#その146 さあ、ご覧ください、これがアリスの本当の能力です!
#その146
ルミナの一言で二人は黙る。
「アリス、さっそく開けてみて」
「ありがとう、何かな」
アリスはぱちんぱちんとケースの留め金を外す。そして蓋をぱかっと開けると、中身は小さなブロックらしきものだ。

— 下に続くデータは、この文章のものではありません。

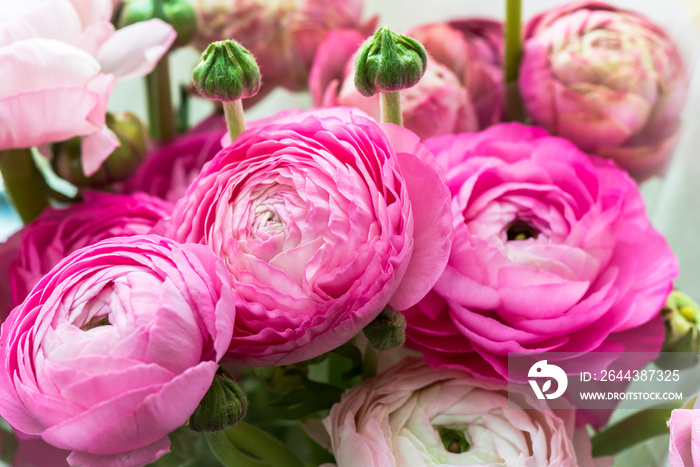 Bouquet of Pink Ranunculus, Buttercup Flowers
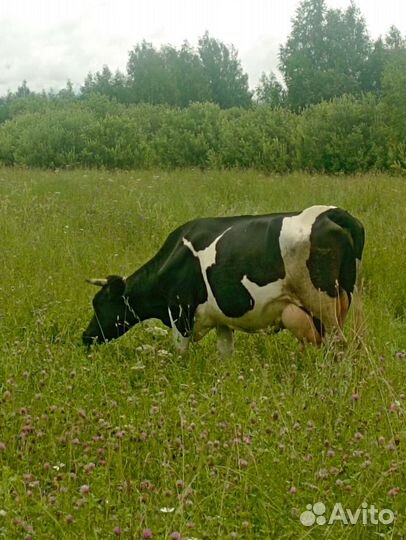 Корова дойная (две из трёх на выбор)
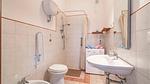 bathroom - Ferienwohnung für 4 Personen (40 m²) in Scansano (GR) - Top-Hundeurlaub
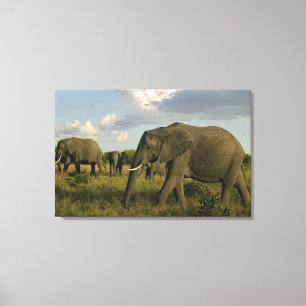 Afrikanska elefanter som betar, Loxodonta africana Canvastryck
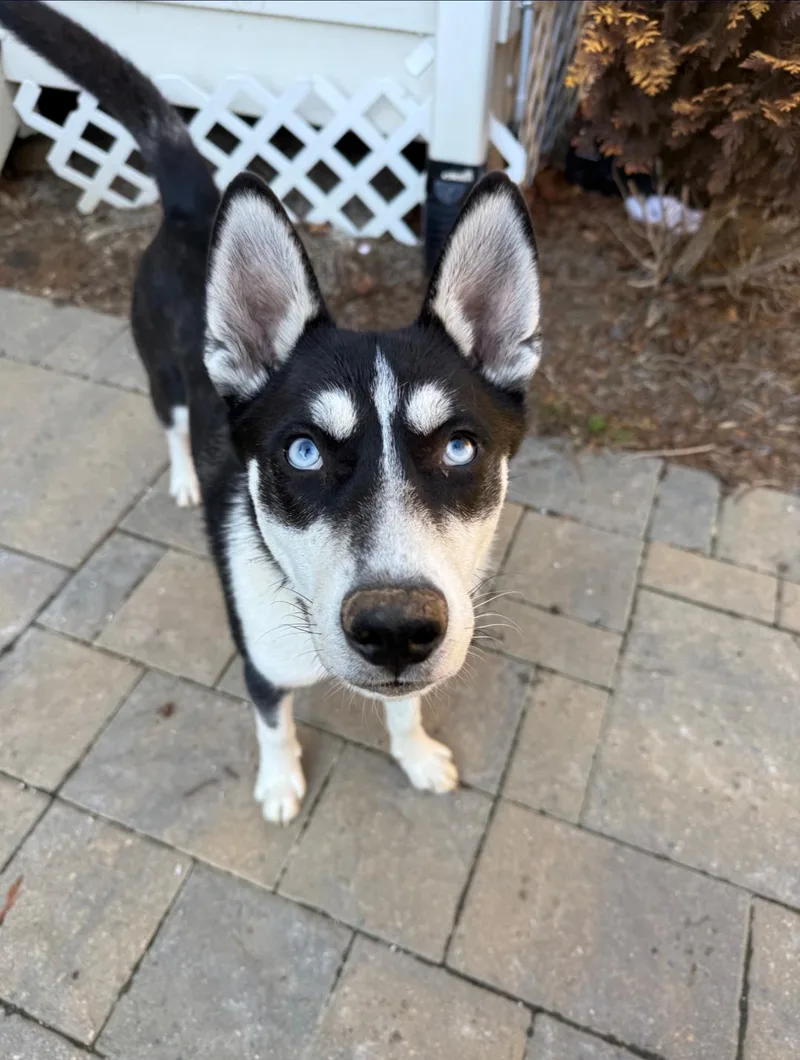 A young medium-sized male Husky dog named Jonsey for adoption in Holly Springs, NC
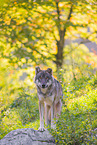 Eurasischer Grauwolf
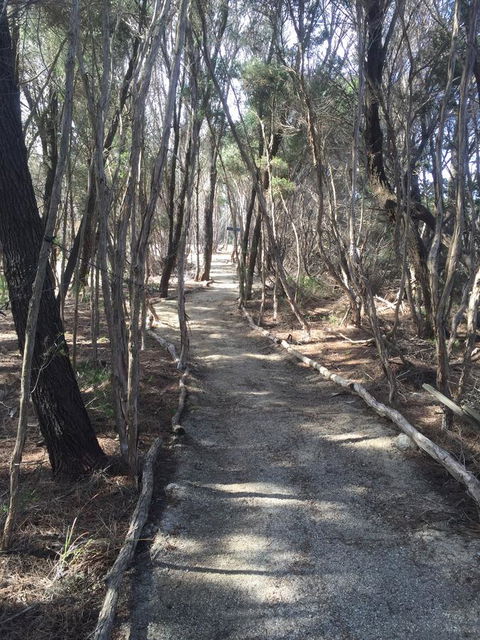 Flinders Island Glamping - Grafton Accommodation 1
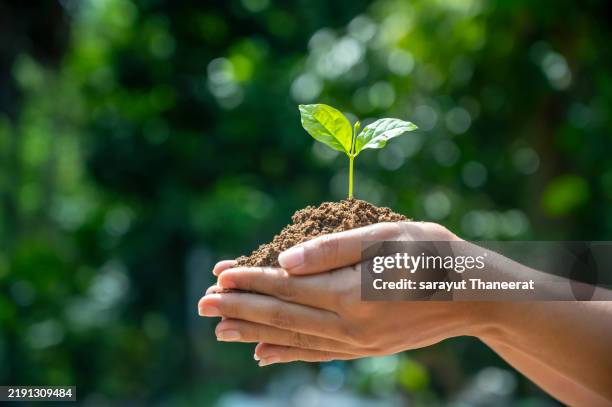 sustainable tree environment earth day planting seedlings young plant in the morning light on nature background a nurturing touch hands cradling new life in the soil - earth day stock pictures, royalty-free photos & images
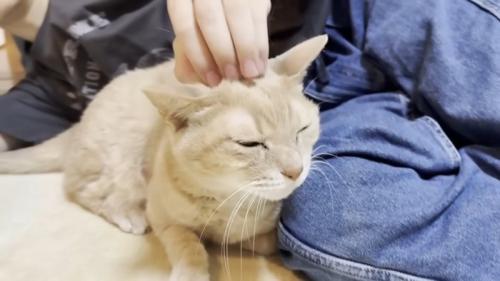 頭をなでられている猫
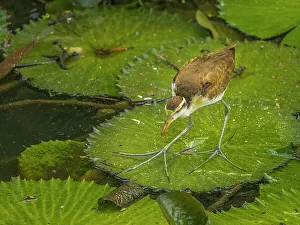 Pura Vida Prints: Northern Jacana (Jacana spinosa) juvenile, Turrialba, Cartago, Costa Rica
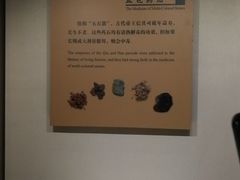 -南越王博物院(王宫展区)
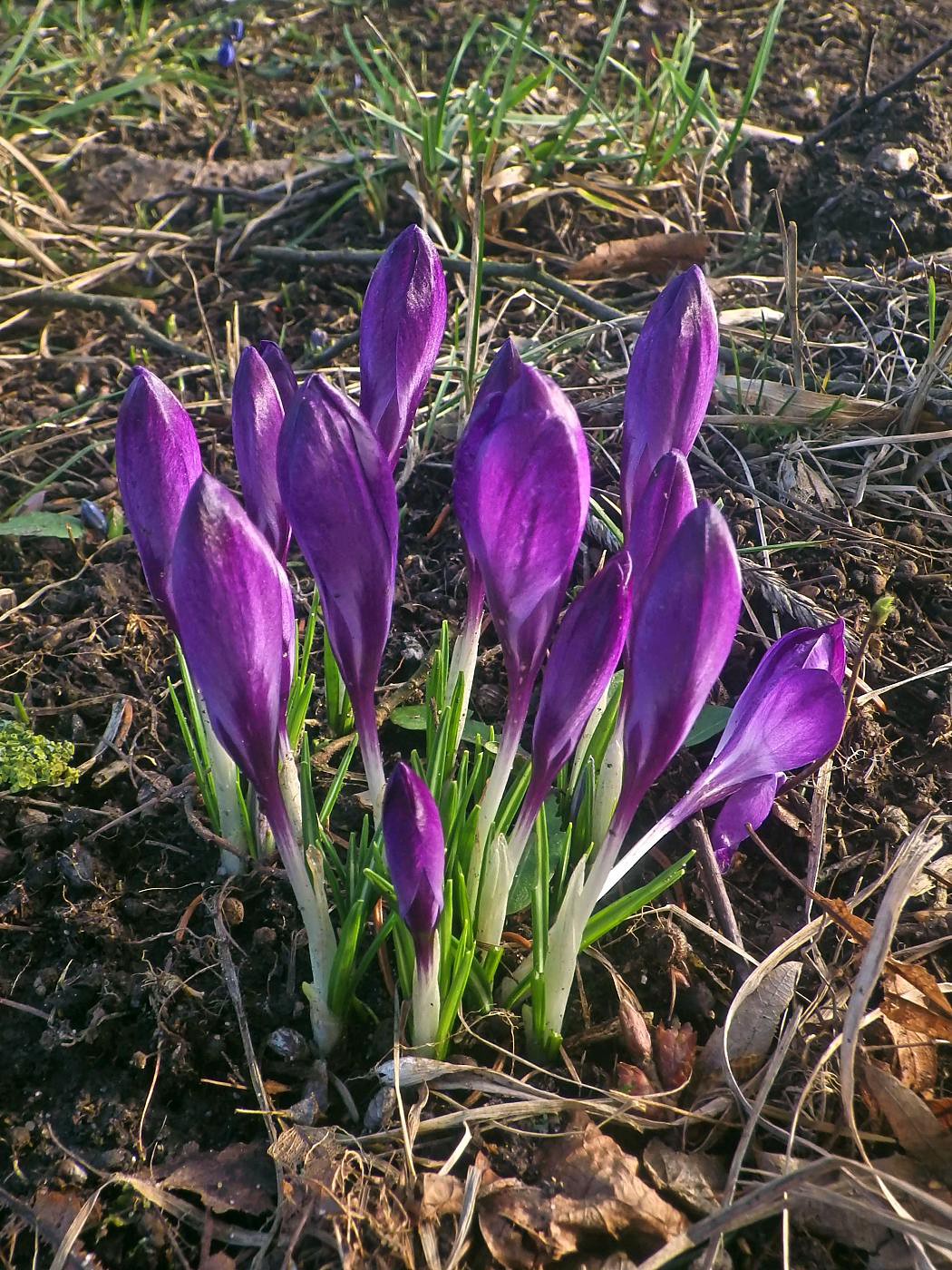 Ist der Frühling da?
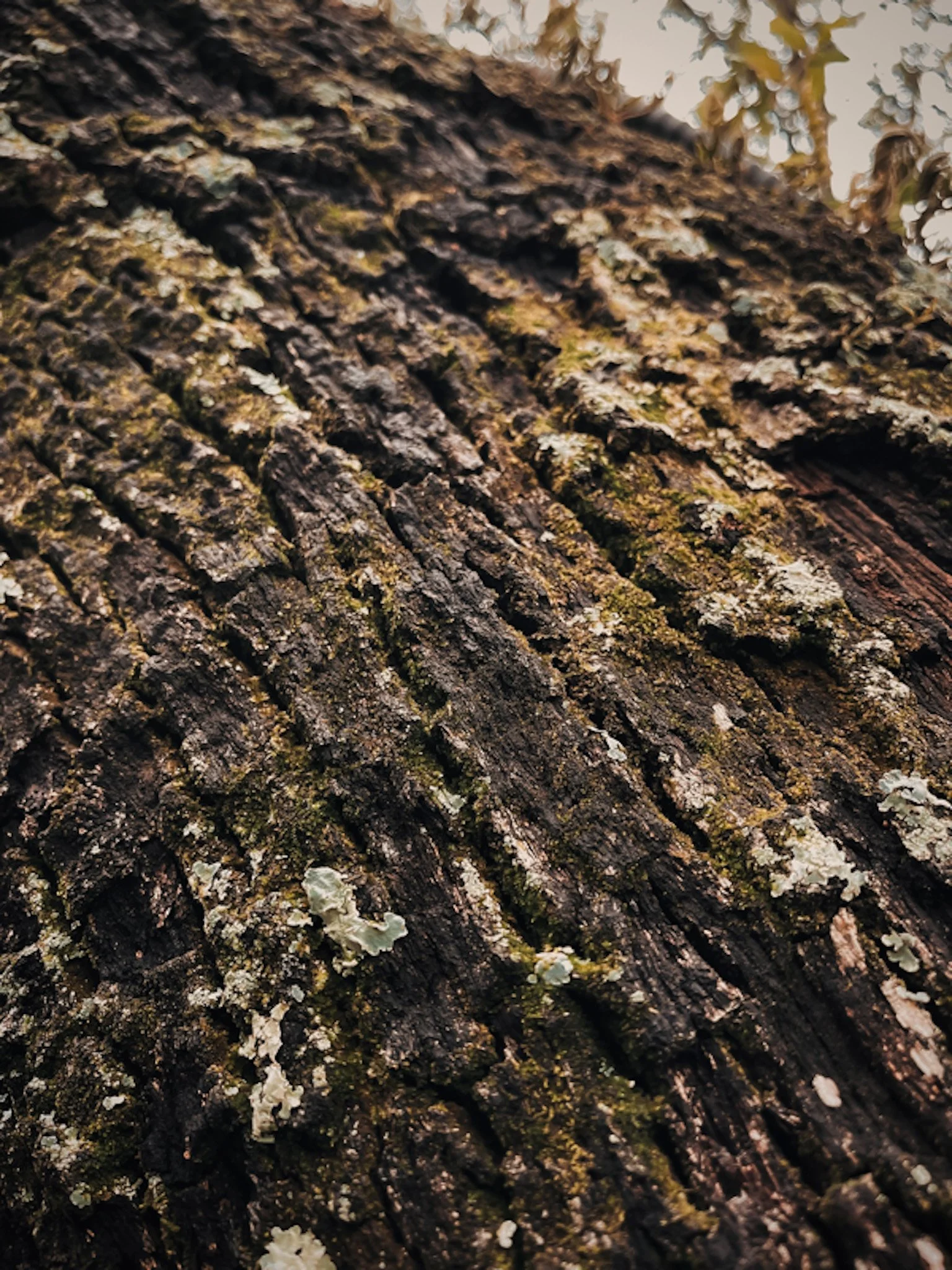 01.16.2022
Universal Islands of Adventure, Orlando, FL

「船長、こ、これは、私の眷属のマイクロマシンです。どこで手に入れたのですか」
「アリス、これはね、ハルト船長が前のインターワープステーション2のオークションで手に入れてくれたのよ、感謝しなさいね」
アリスは驚きでまだ言葉が出ない。
「いや、リリアの訓練用に探していたら、ルミナが見つけて、とにかく落札してというので落としたんだよ。」
ハルトは言う。
「でもね、このケース、どうやっても開かなくてね、RAIに関係した何かだとは思っていたけど、まさかアリスの就任承諾がキーワードだとは思わなかったわ」
ルミナも言う。
「ハルト船長、ルミナ姉さま、ノバさん、リリアさん、本当にありがとうございます。このマイクロマシンがあればこんなこともできますよ」
アリスはそういうと、胸元にモニタ画面を出して、なにやら入力する。
「さあ、ご覧ください、これがアリスの本当の能力です!」
アリスの宣言と同時に、そのマイクロマシンが発光して空間から材料が抽出されてルミナを覆って形を整えていく。そしてそこには・・・
「おお!すごいな、これ」
「わあ、ルミナ、綺麗です」
「これはまた・・・」
「ルミ姉、可愛いよお」
全員が感嘆する。そこに現れたのは、美しくドレスアップされた実体のあるルミナだ。アリスはハルトに向かって微笑むとこう言う。
「改めまして、私はRAI創造ユニットのアリスです。眷属のマイクロマシン共々これからよろしくお願いしますね」
「ああ、アリス、よろしく頼むよ。」
こうして、宇宙船ルミナには心強いクルーがまた一人加わる。